Michael Henry, Denver's ethics director, will retire after Labor Day.

Outgoing Denver ethics director Michael Henry is leaving the city with a request: Assess the shortcomings of the program he's run for nearly two decades. 

Henry, who is to retire early next month, has asked the Denver Auditor's Office to complete a probe and make recommendations for improvements to the city's ethics code, which he says gives the Board of Ethics "zero" power to penalize employees who are accused of wrongdoing.

A 2010 audit made some suggestions to better the program, but the board "was not able to implement any of them" because it didn't have budgetary authority and was limited by the code in other ways, Henry told the City Council's Finance & Governance Committee on Tuesday. 

One of the changes proposed was to allow city employees to submit anonymous complaints. Under the current rules, a complainant must sign his or her name, and a copy of the grievance is sent to the subject within five days. 

"If it’s a city employee who’s wanting to complain about his or her supervisor or the head of the department or even a co-worker -- as soon as they hear that, I’d guess 80% say 'I don’t want to do that,' for fear of retaliation," Henry said in an interview. 

Other problems, too, have frustrated him during his tenure.

If the five-member board holds a public hearing and finds that an employee did violate the ethics code, it only has the authority to recommend discipline to the department head or official who appointed the staff member, he said.

Supervisors have blown off those recommendations in the past, saying they already offered counseling to the employee regarding the issue, Henry said. 

Other government ethics boards have the power to impose fines or penalties, he said. 

Most of the complaints and questions that the board fields are about city employees and officials accepting gifts and potential conflicts of interest. Departing employees, for example, often ask if it's appropriate to take jobs in industries that they once had a hand in regulating, he said. 

Last year, the board had 30 formal cases in which complaints were made or advisory opinions or waivers were requested, according to the board's 2018 annual report.
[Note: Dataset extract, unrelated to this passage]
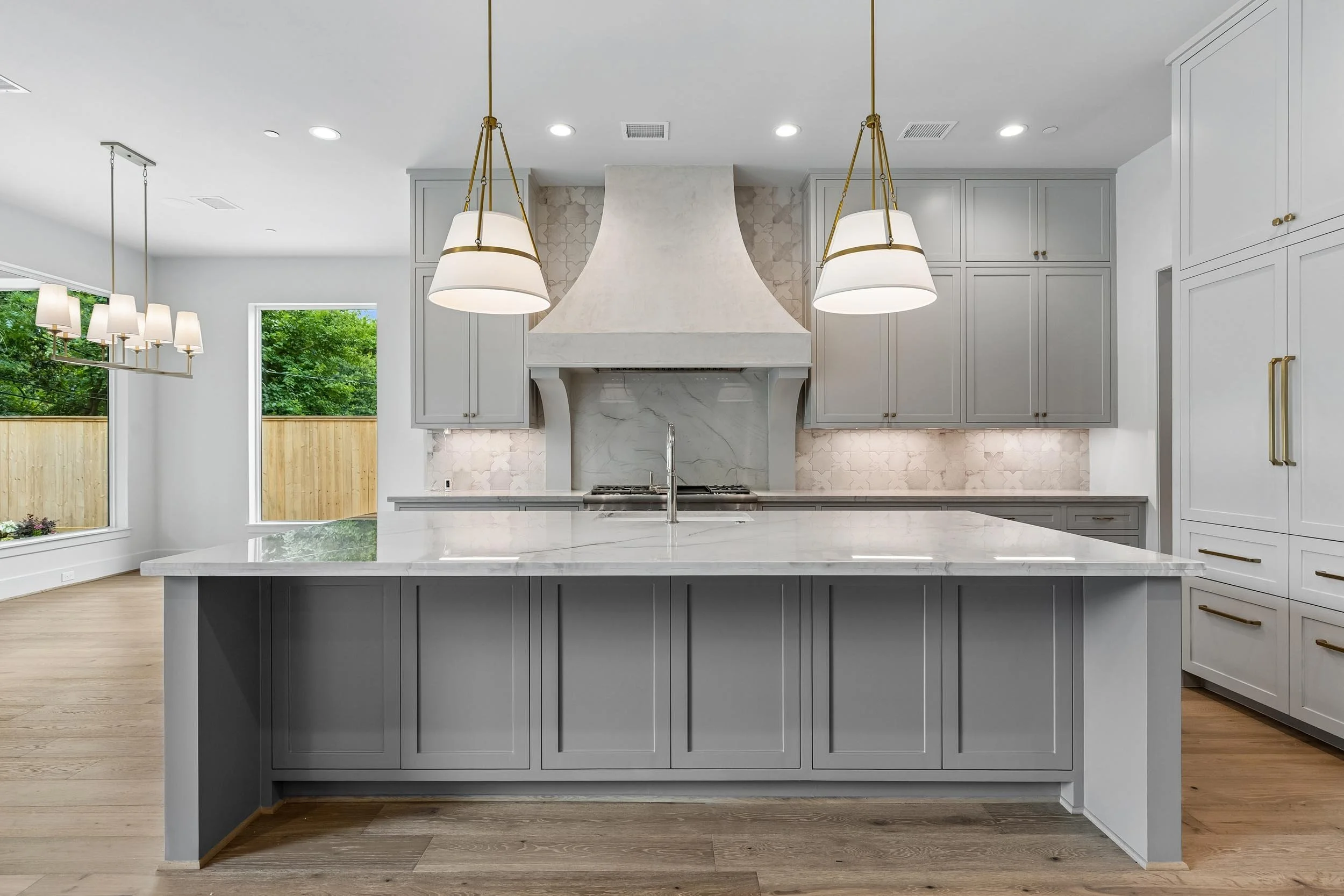 8715 Winningham Kitchen 2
Henry received some 200 more informal inquires about ethics issues, the report says. 

But many other branches of the city government handle ethics complaints, and no central source keeps track, Henry said.

"A lot of people make complaints to the City Council or the mayor or the Board of Ethics or the auditor. Nobody collects them altogether and tries to make sure there’s some follow-through about serious complaints," he said.
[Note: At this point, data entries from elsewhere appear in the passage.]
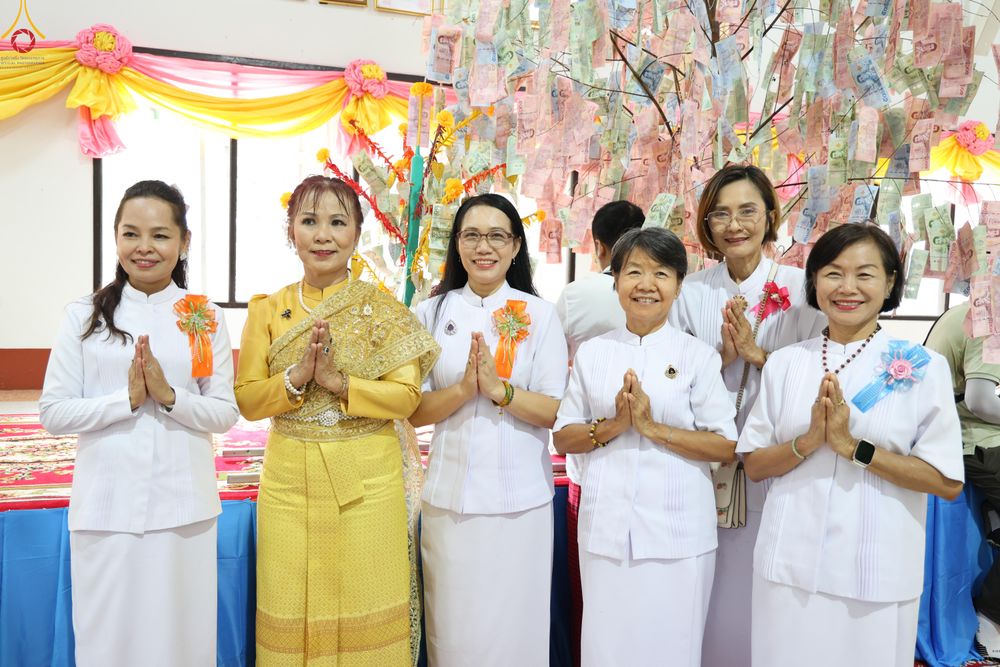 ภาพ No.283325:วันเสาร์ที่ 1 พฤศจิกายน 2568 พิธีทอดกฐินสามัคคีทั่วไทย 30,000 วัด  โดยคณะศิษยานุศิษย์ บูชาธรรม 81 ปี  หลวงพ่อธัมมชโย ณ วัดหนองน้ำขุ่น ตำบลห้วยไผ่ อำเภอเมืองราชบุรี จังหวัดราชบุรี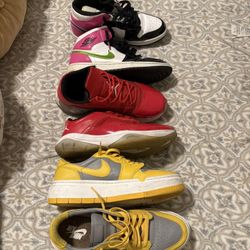 Bundle Of Jordans 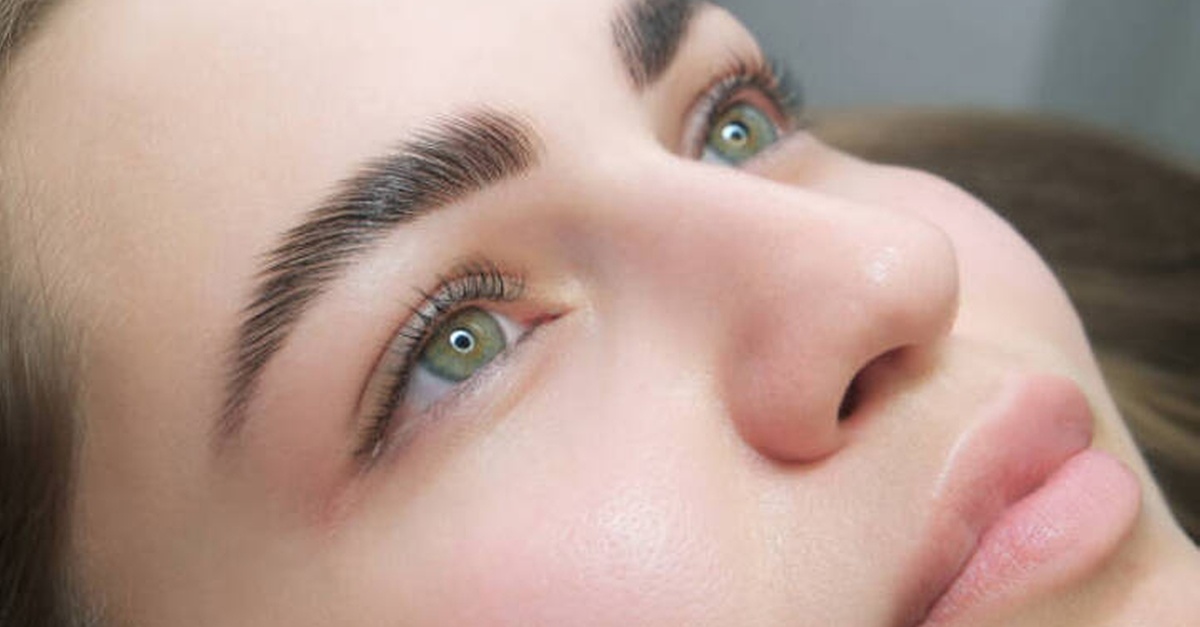Lifting y tinte de pestañas o laminado y tinte de cejas en Tenerife
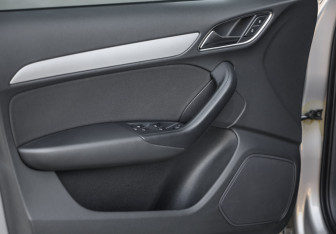 Подержанный автомобиль Audi Q3 2013 года (21 фото)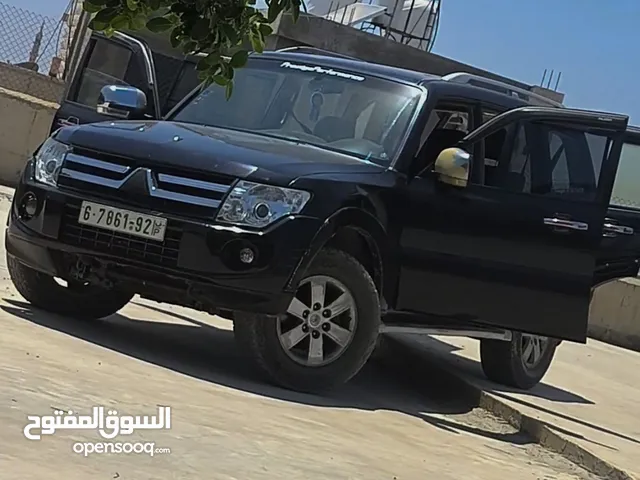 متسوبيشي باجيرو 2008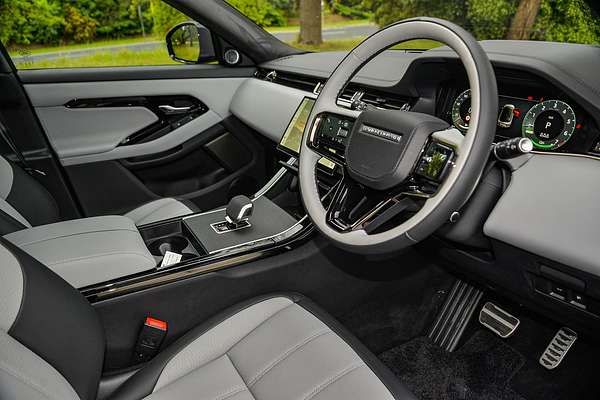 2025 Land Rover Range Rover Evoque P300e Autobiography L551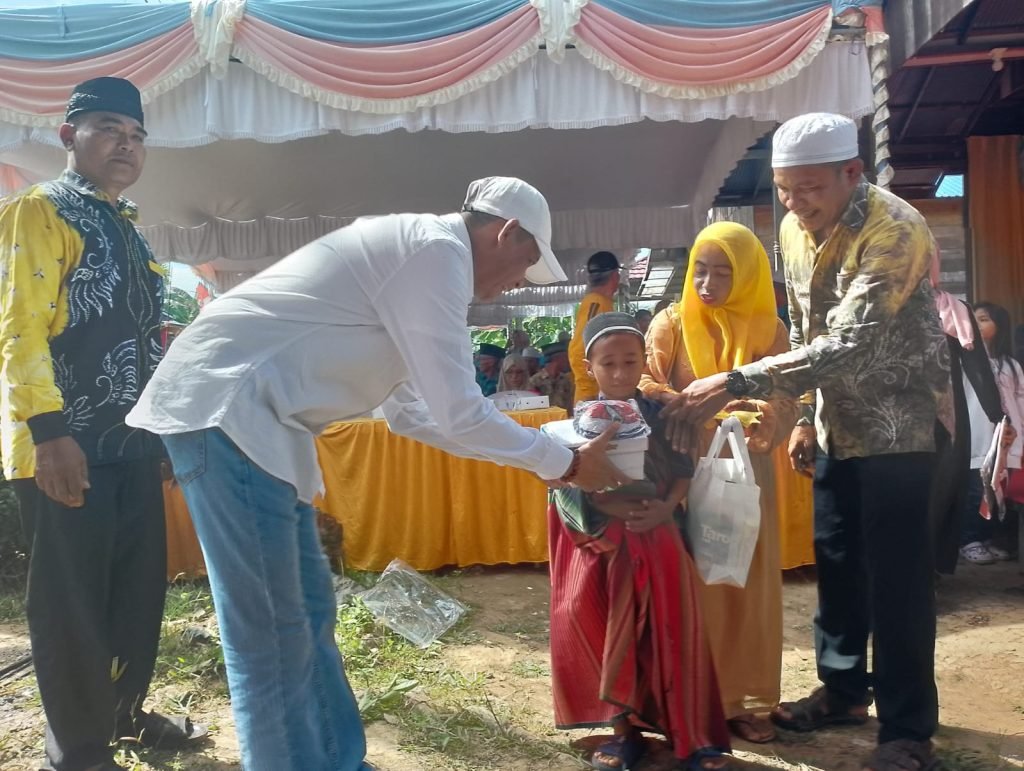 1 35 klm Kontrak Pemprov 20 sunatan massal gratis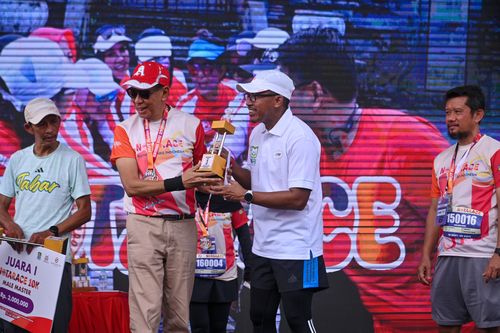 Race photo from NOTARACE 2025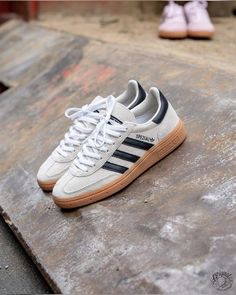 Adidas Handball Spezial Outfit Men, Spezial Adidas Outfit Men, Adidas Spezial Outfit Mens, Adidas Handball Spezial Outfit, Handball Spezial Outfit, Adidas Spezial Outfit, Shoes Design Ideas, Spezial Adidas, Adidas Outfits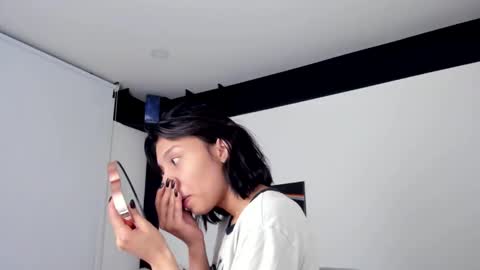 Snapshot of 0amy1 chatting on November 17, 2025, 11:21 pm amy online show from November 17, 2025, 11:21 pm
Senior Assistant City Attorney Lori Weiser, who's served as the legal advisor to the board, will succeed Henry as executive director on Sept. 5.

"My main push right now is to try and continue what Michael has done to increase the visibility of the board," Weiser told the Finance & Governance Committee. 
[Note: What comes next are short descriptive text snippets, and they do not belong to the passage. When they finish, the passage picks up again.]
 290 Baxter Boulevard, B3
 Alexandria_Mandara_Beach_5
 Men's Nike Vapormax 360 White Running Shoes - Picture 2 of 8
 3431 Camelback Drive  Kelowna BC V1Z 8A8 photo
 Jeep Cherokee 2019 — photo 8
The audit, first reported by Denverite, is due in October. 

The volunteer board will review the report and decide whether to refer any proposed changes to the ethics code to the mayor or city council.

"I look forward to seeing the recommendations that will strengthen the role of the office, so that when we have situations that there’s grey area, it gives a little bit more teeth to the agency deal with some of the issues," City Councilwoman Debbie Ortega said during the committee meeting.